Copy nothing but the lines below, from the one with "Chiffon Sheath/Column High" through the one with "Bulb Ready W2312P389949", exactly as written; no pictures should appear.

─── Extracted records

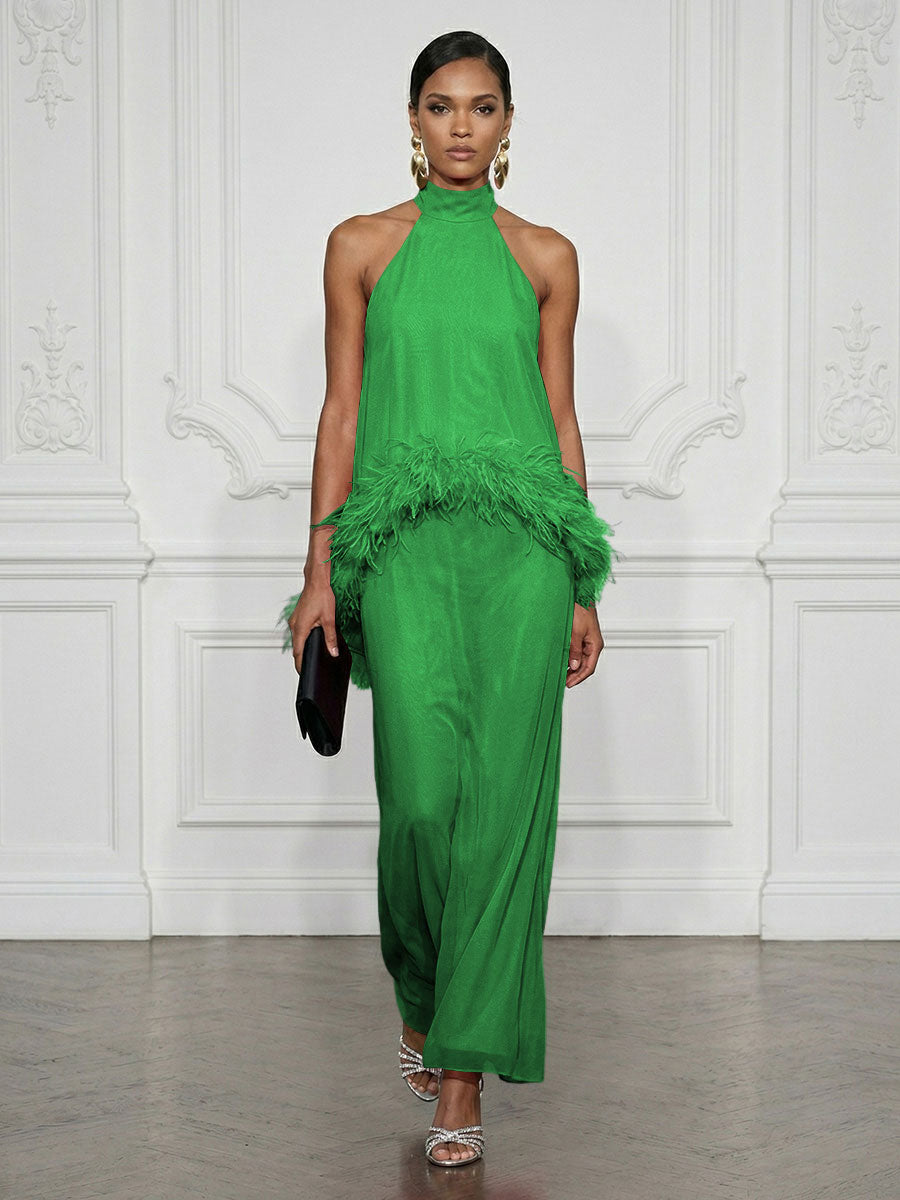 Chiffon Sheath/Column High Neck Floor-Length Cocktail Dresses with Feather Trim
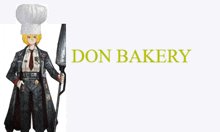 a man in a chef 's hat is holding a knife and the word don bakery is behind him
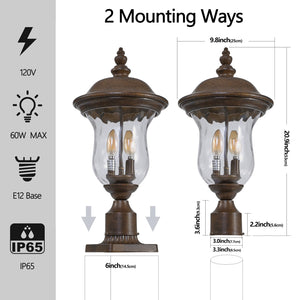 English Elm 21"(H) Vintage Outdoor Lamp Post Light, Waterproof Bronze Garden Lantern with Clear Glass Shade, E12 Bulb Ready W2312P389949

──────
─── Extracted records

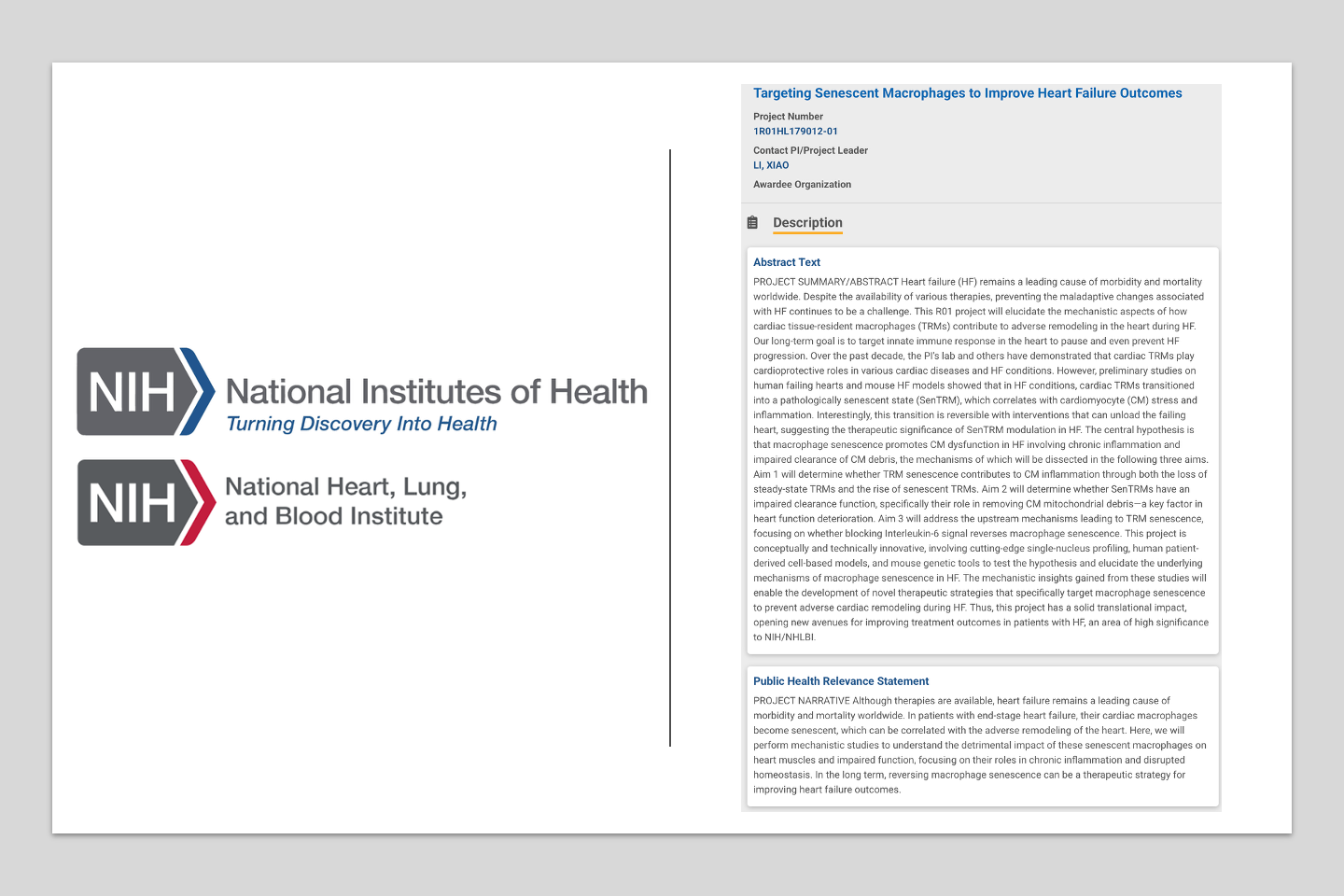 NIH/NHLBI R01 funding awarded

──────

◆ Task answer ◆
 Chiffon Sheath/Column High Neck Floor-Length Cocktail Dresses with Feather Trim
 a man in a chef 's hat is holding a knife and the word don bakery is behind him
 English Elm 21"(H) Vintage Outdoor Lamp Post Light, Waterproof Bronze Garden Lantern with Clear Glass Shade, E12 Bulb Ready W2312P389949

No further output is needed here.